Protocol-Specific Considerations
This section lists the protocol specific considerations for Oracle Utilities Live Energy Connect (LEC).
ICCP
The ICCP protocol (IEC 60870-6/TASE.2) is based on MMS (ISO 9506) and allows for both client and server roles. ICCP and MMS allow for TCP/IP connections to be inbound, outbound, or both,- irrespective of the client/server role. The default MMS IP port is 102.
By default, the LEC Server listens on localhost:102. To override this when required to allow an inbound connection, the following command line modification must be added (via the Extra params field in the LCM Server tab): /listen=<interface> (example: /listen=192.168.1.1). You can specify 0.0.0.0 to listen on all local interfaces. For more information refer to the LEC Configuration Manager User Guide.

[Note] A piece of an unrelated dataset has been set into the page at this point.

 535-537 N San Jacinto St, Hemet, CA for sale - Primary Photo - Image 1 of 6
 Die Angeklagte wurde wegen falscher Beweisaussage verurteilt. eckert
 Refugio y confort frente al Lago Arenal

MMS TCP/IP port 102 connections and traffic must be allowed between the LEC machine and any configured ICCP peers, based on the connection inbound/ outbound configurations.
Secure ICCP
Secure ICCP is simply ICCP tunneled via TLS, with some additional protocol message signing. Default settings for ICCP as described above are sufficient and no override is required. When the LEC Server is configured to accept inbound Secure ICCP connections, it always listens on localhost for TCP/IP connections on the standard Secure ICCP port 3782.
Secure ICCP TCP/IP port 3782 connections and traffic must be allowed between the LEC Server machine and any configured Secure ICCP peers, based on the connection inbound/outbound configurations.
OPC UA
OPC UA is a TCP/IP protocol that allows both client and server roles. OPC UA servers listen for TCP/IP connections, and clients make outbound TCP/IP connections, on configurable ports.

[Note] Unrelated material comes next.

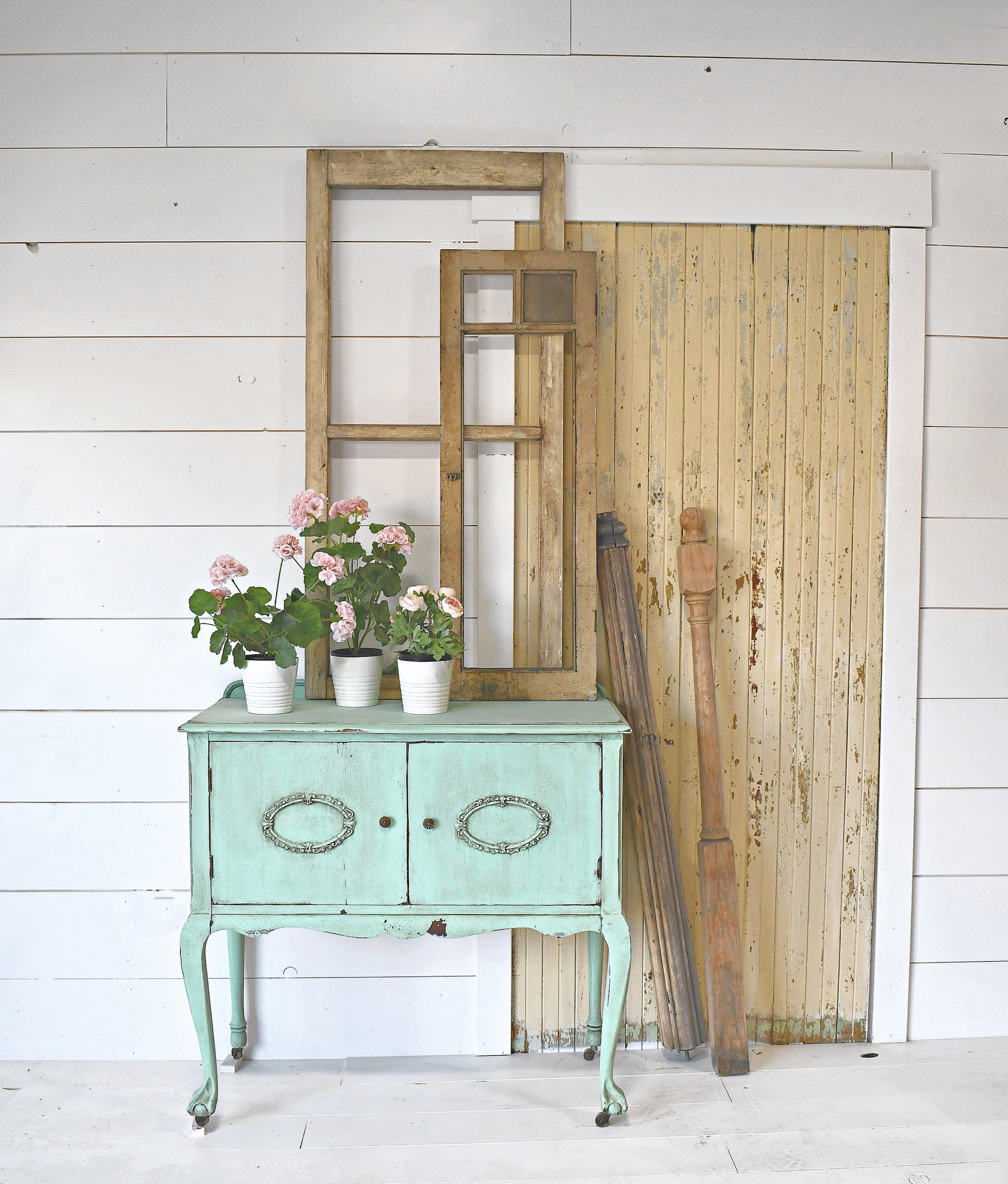Sweet Pickins Milk Paint - Summer Cottage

OPC UA allows for both unencrypted/unauthenticated and encrypted/authenticated connections with varying levels of security:
- Basic256/Sha256 (most secure)
- Basic256
- Basic256/Sha15
By default, when the LEC Server is configured as an OPC UA server or client, Basic256/Sha256 is used. This can be overridden to use lesser security when required (example: when connecting with a legacy system). For more information refer to the Configure LEC as an OPC UA/ICCP Front End to an OEM Application.

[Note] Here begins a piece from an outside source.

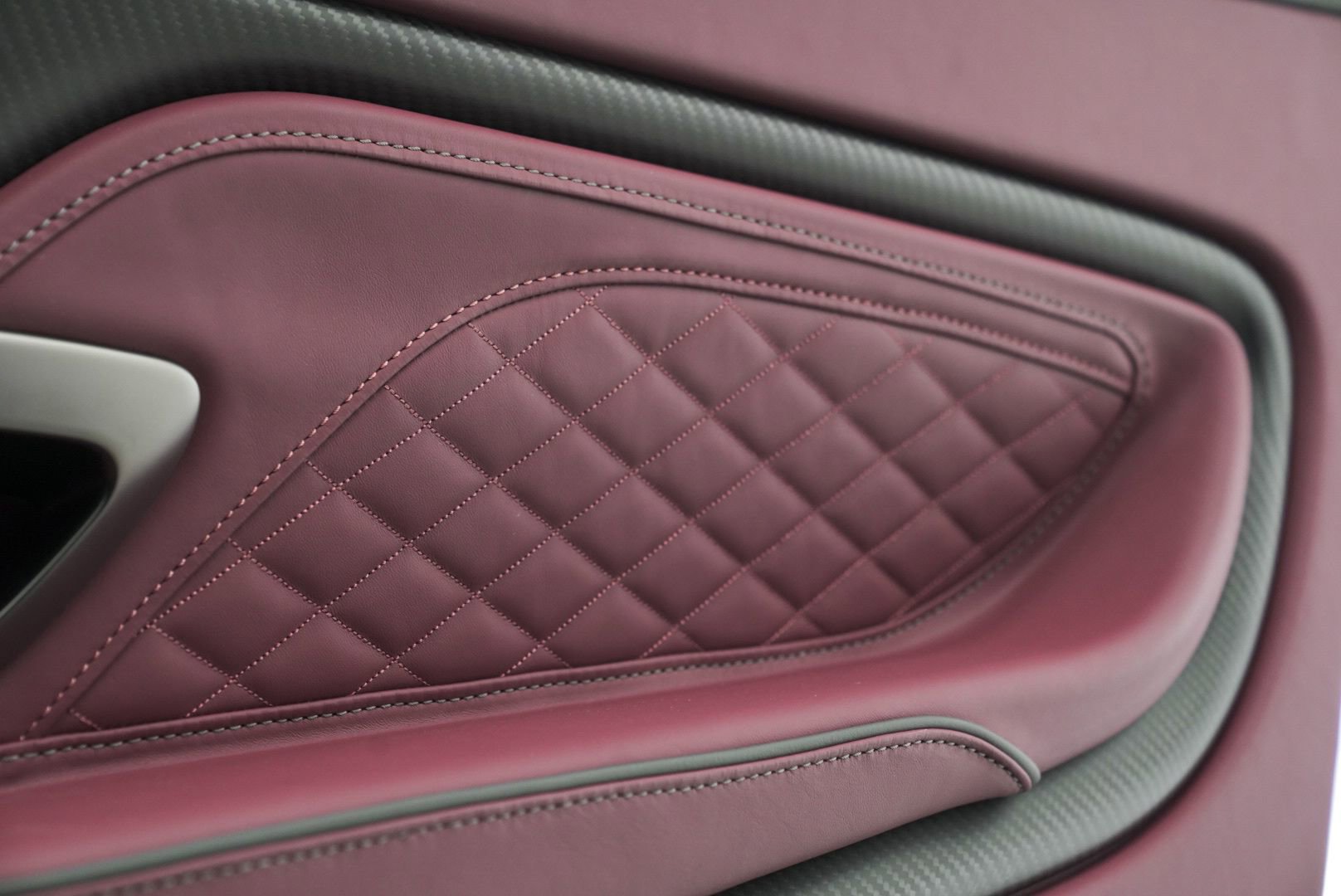 Used 2023 Aston Martin DBS Coupe image 30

Unencrypted/unauthenticated connections should only be used when absolutely necessary and such usage requires that the operating network be secured.
OPC UA uses configurable IP ports. TCP/IP connections and traffic must be allowed between the Server machine and any configured OPC UA client/server peers based on the connection inbound/outbound configurations.
DNP3
DNP3 (IEEE 1815) is a protocol that uses TCP/IP or UDP/IP as a transport layer. LEC Server can be configured to accept inbound connections, make outbound connections, listen for inbound UDP messages, and send outbound UDP messages.
DNP3 is an unsecured protocol that offers no encryption nor authentication and therefore must only be enabled for use on a secure operating network.
DNP3 uses configurable IP ports. TCP/IP connections and traffic must be allowed between the Server machine and any configured DNP3 master/outstation (client/server) peers based on connection and listen inbound/outbound configurations.
REST
LEC Server REST interface implements an HTTPS REST client and server. The REST server handles inbound HTTPS REST requests (example: GET, POST, PUT, …) to read and write data. The REST client pushes data to a configurable external REST server. Both the client and server use standard HTTPS (TLS 1.x) security for encryption and can use client certificate or Windows Native authentication. Microsoft IIS on the local machine is used as a reverse HTTPS proxy for inbound HTTPS connections.
IIS must be installed and configured as a HTTPS reverse proxy to use the Server REST in production. For more information refer to the LEC RESTful API Specification and Configuration Guide. IIS listens for inbound HTTPS connections on either the standard or an alternatively configured TCP/IP port.
When configured as a REST client, the remote REST server must be configured to use secure HTTPS URLs and client/server authentication. For more details refer to the LEC RESTful API Specification and Configuration Guide.
Current standards for HTTPS security, certificate key length, etc., should be followed.
RTP/NMS
When LEC Server is configured as and ICCP or DNP3 front end for Oracle Utilities Network Management System, the Server's RTP binary protocol is used. RTP is a simple TCP/IP protocol that operates on a configurable port. Connections originate from Oracle Utilities Network Management System to the Server.
RTP is an unsecured protocol that offers no encryption nor authentication and therefore must only be enabled for use on a secure operating network.
TCP/IP connections and traffic must be allowed from the Oracle Utilities Network Management System machine to the Server machine on the configured port.